** Opening Data shown block **

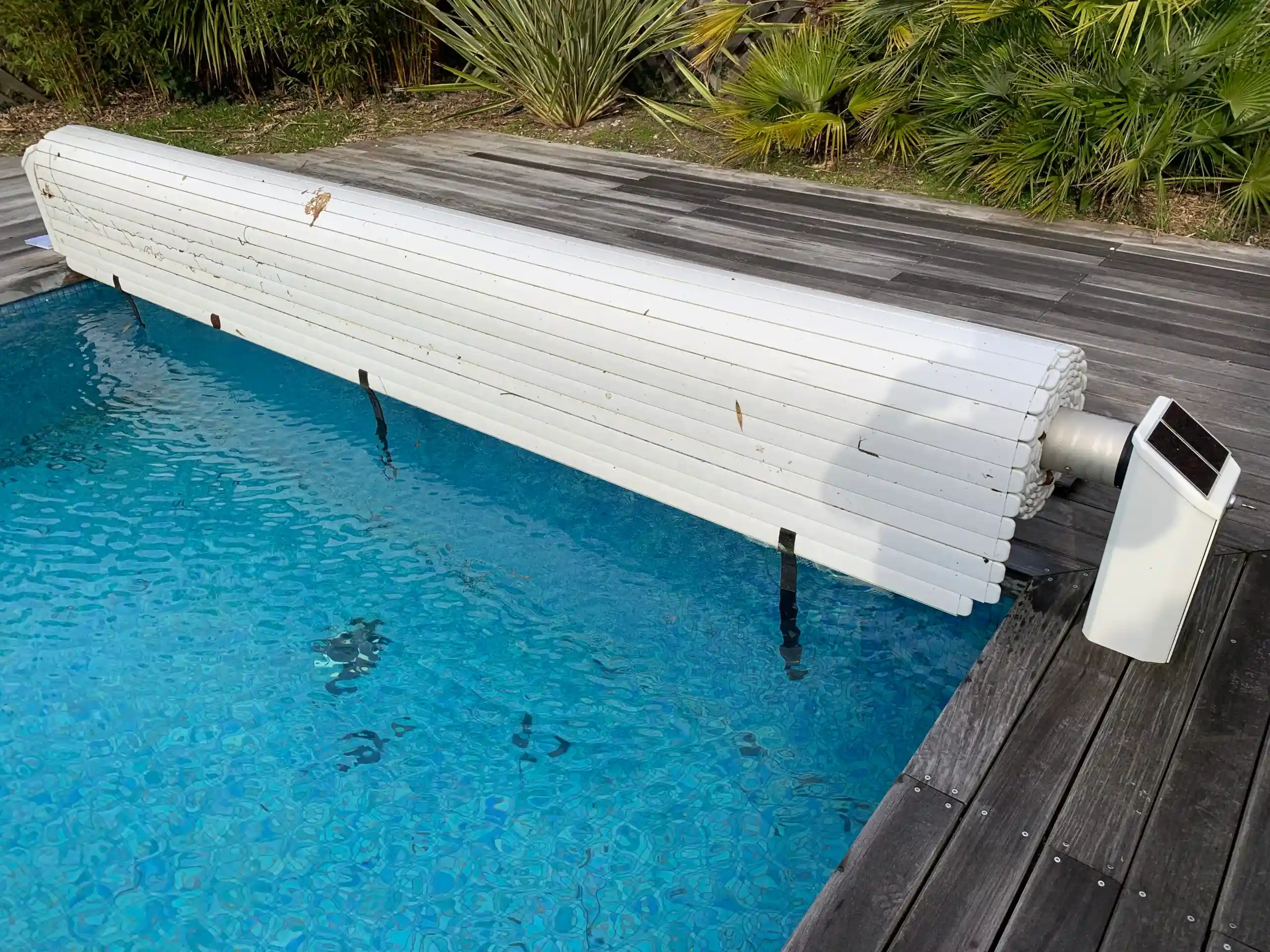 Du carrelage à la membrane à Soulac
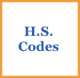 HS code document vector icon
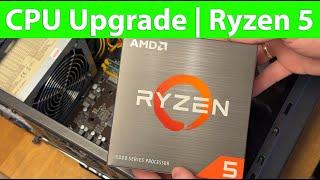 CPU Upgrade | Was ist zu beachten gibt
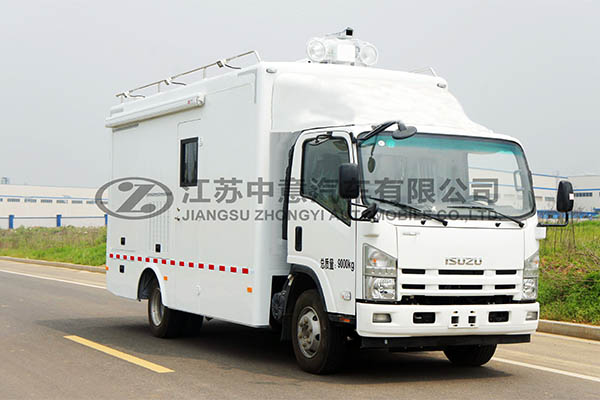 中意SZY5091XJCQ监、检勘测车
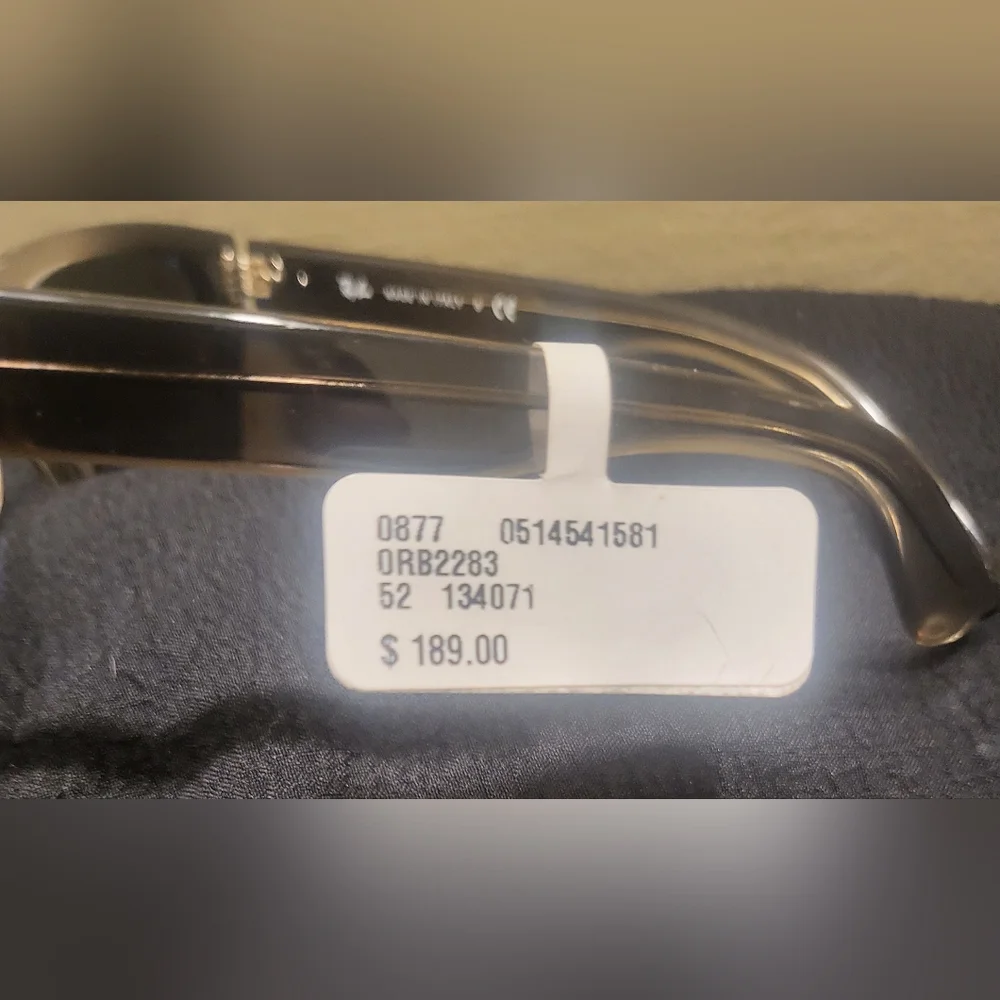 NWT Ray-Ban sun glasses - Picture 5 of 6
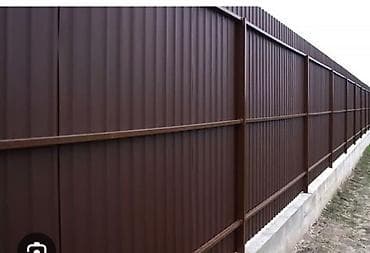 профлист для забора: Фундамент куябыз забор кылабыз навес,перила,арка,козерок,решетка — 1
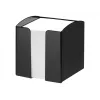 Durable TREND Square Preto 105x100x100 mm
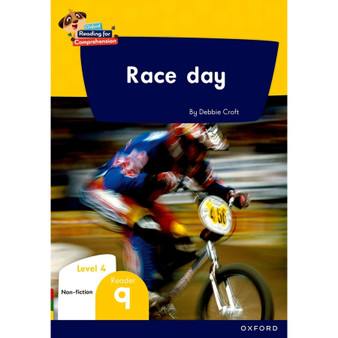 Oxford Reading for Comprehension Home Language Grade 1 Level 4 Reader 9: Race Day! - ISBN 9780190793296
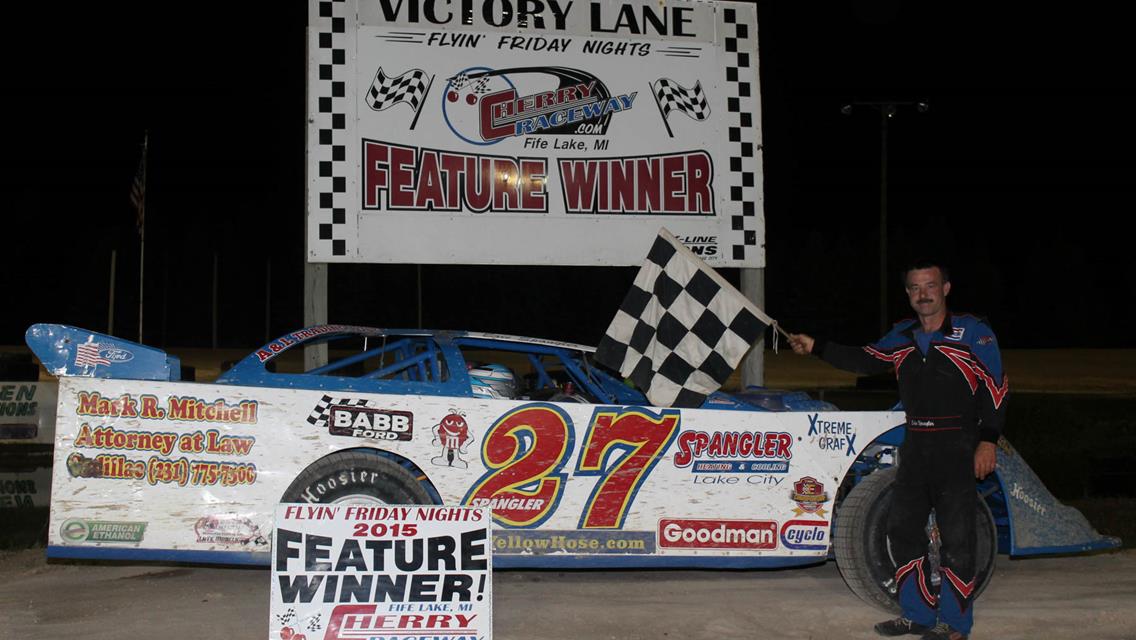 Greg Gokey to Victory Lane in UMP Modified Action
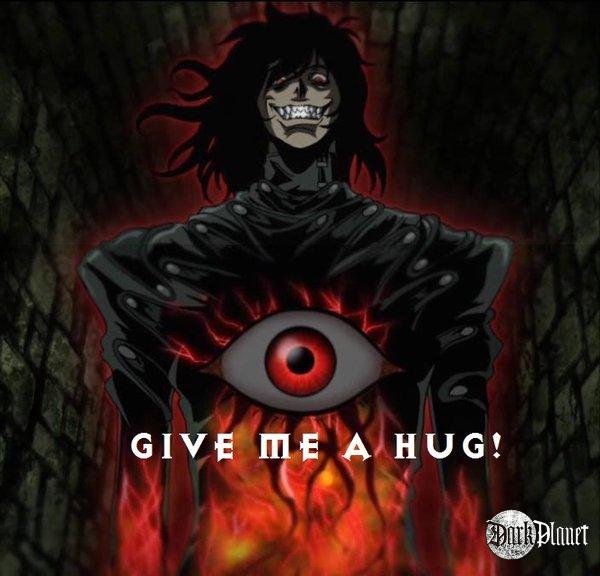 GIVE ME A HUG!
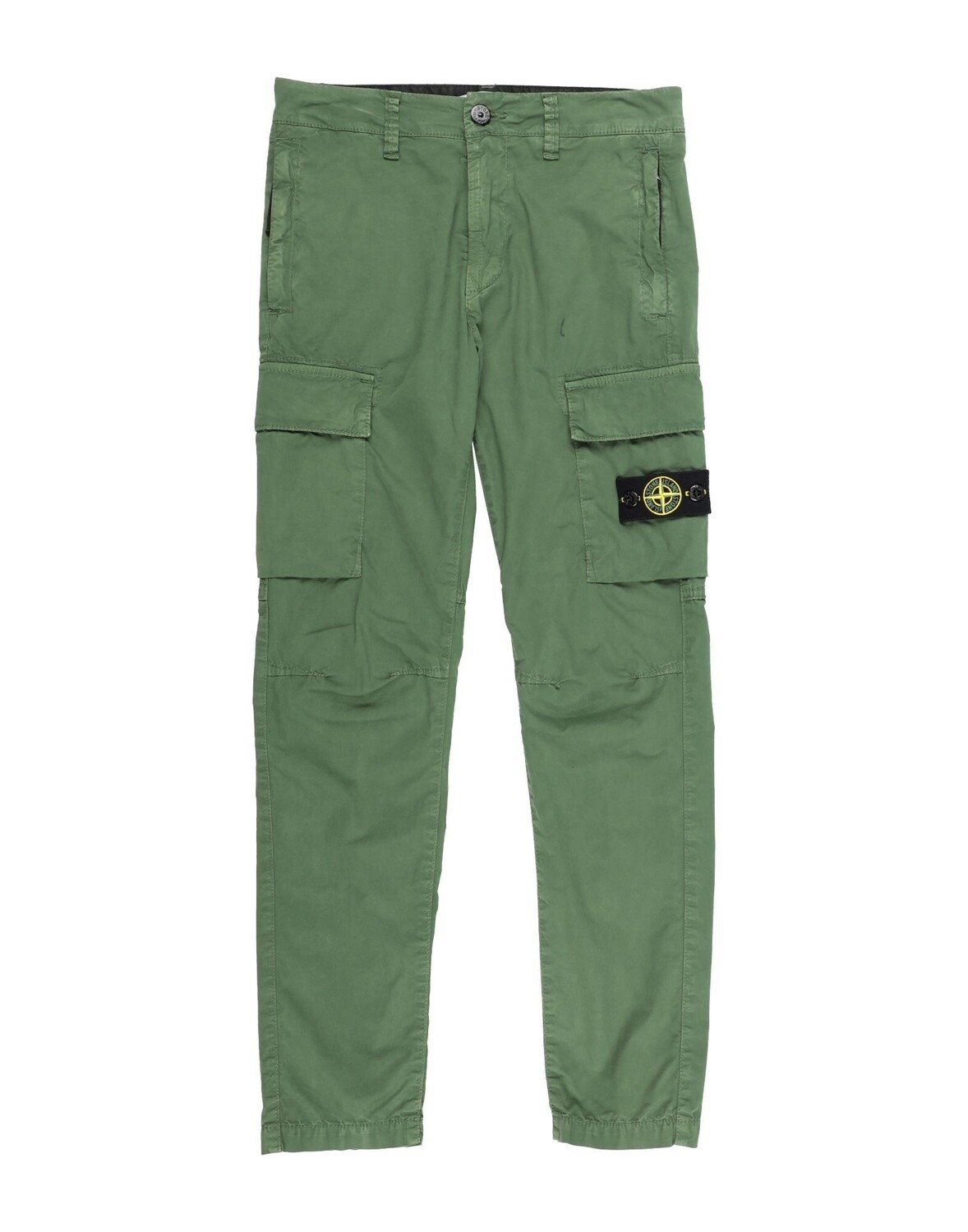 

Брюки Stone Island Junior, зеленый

** Closing Data shown block **

Give the data again exactly, image-free.

 Du carrelage à la membrane à Soulac
 HS code document vector icon
 CPU Upgrade | Was ist zu beachten gibt
 中意SZY5091XJCQ监、检勘测车
 NWT Ray-Ban sun glasses - Picture 5 of 6
 профлист для забора: Фундамент куябыз забор кылабыз навес,перила,арка,козерок,решетка — 1
 Durable TREND Square Preto 105x100x100 mm
 Oxford Reading for Comprehension Home Language Grade 1 Level 4 Reader 9: Race Day! - ISBN 9780190793296
 Greg Gokey to Victory Lane in UMP Modified Action
 GIVE ME A HUG!

Брюки Stone Island Junior, зеленый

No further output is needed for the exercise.